Holland: Not really. When I was learning to play guitar, I had a neighbor across the alley from me that famously, after I’d been sitting in my bedroom window for hours at a time trying to play guitar, he would routinely yell from across the alley, “play something happy!”

What it was like to find a community of people who you could talk to about music about later on in your life? 
 
Holland: I guess you could say I was very hardheaded. It’s like I dove in all the way and just kind of shut the rest of the world out and just went to finding out about all this stuff. And that was long before the Internet and YouTube. Nowadays you want to find something, you just go on your computer or your phone and there it is. When I was coming up, I was going to record stores going, ‘how come you don’t have any blues stuff? Van Halen or whatever is fine, but I’m looking for this.’

So it was almost like an adventure in itself, just trying to figure out how I was going to get any of this stuff.
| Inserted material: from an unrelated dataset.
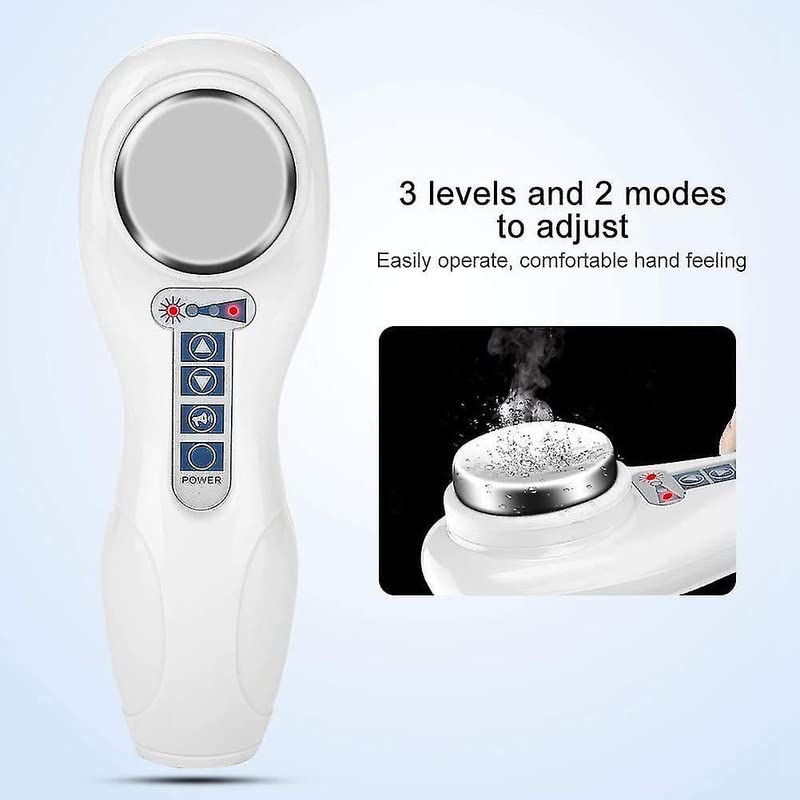 Generic Ultrasonic Facial Massager demonstrating its 3 intensity levels and 2 operating modes.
I’d go to the bookstore and look for magazines about blues, and there weren’t that many. Guitar magazines would mention blues every once in a while, but outside of that, it was almost like finding a needle in a haystack.

As I got older and got a driver’s license and all that, then I’d hear about places where I could hear live blues. So I’d make up some excuse, ‘oh, I’m going over to so-and-so’s house,’ and then I’d jump in the car and go find the music I was looking for.
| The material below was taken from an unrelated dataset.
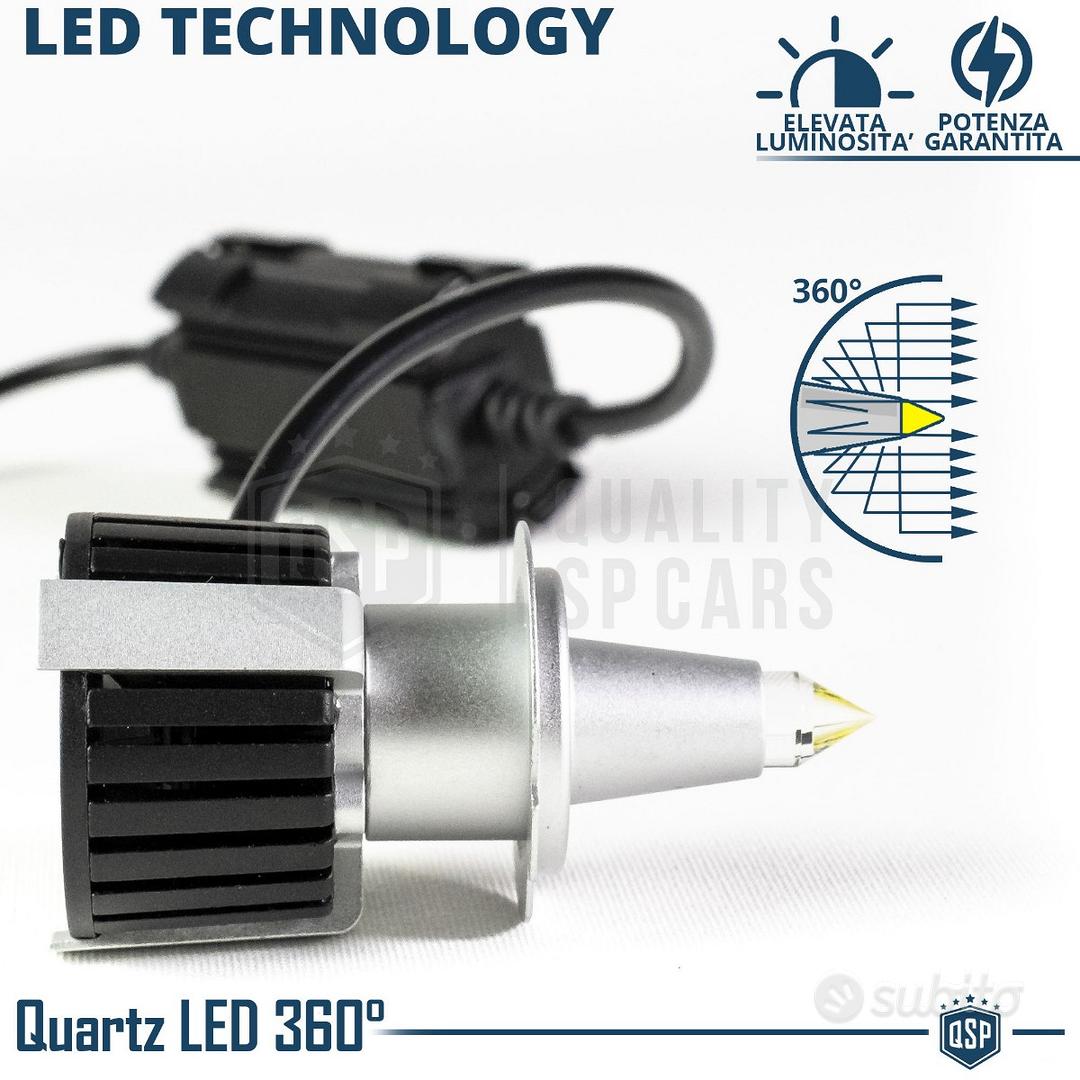 Kit LED H7 al Quarzo 360° CANbus  Lampadine LED Auto Luci Bianche Potenti  6500K 55W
Wow, that must have made it seem so magical. 
 
Holland: And I think that was probably part of how it ended up sticking.

So, I am calling because you’re performing at the 31st River City Blues Festival, and that’s organized by a nonprofit, the Mid-Ohio Valley Blues, Jazz, and Folk Music Society. They’re so focused on promoting these genres – blues, folk, jazz music. Why is that so important?

Holland: Because to a lot of people, those are the forms of music that America brought to the world. And [the Society] does a really, really good job of making sure people are aware of the history of the music of America – they make sure that no one will forget about where all of the popular music came from in the world today. It’s always been an interesting thing for me to see, all over. I mean, I’ve played all over the world and a lot of the blues musicians that have toured all over the world, it’s kind of like an inside joke that we have to, in order to get recognized, we have to go out of the country.

Every time I’ve toured, I mean, even going to Canada – as soon as you’re outside of the United States, we get treated like kings and they make sure that the musicians are taken care of, that we have a safe place to stay, that we’re being compensated accordingly. And it’s like there’s a reverence to it. And not to say that that doesn’t happen in the U.S. but the reverence towards the music is not really as prominent as it could be. Organizations like [the Society] help give that reverence the prominence it deserves here in the States.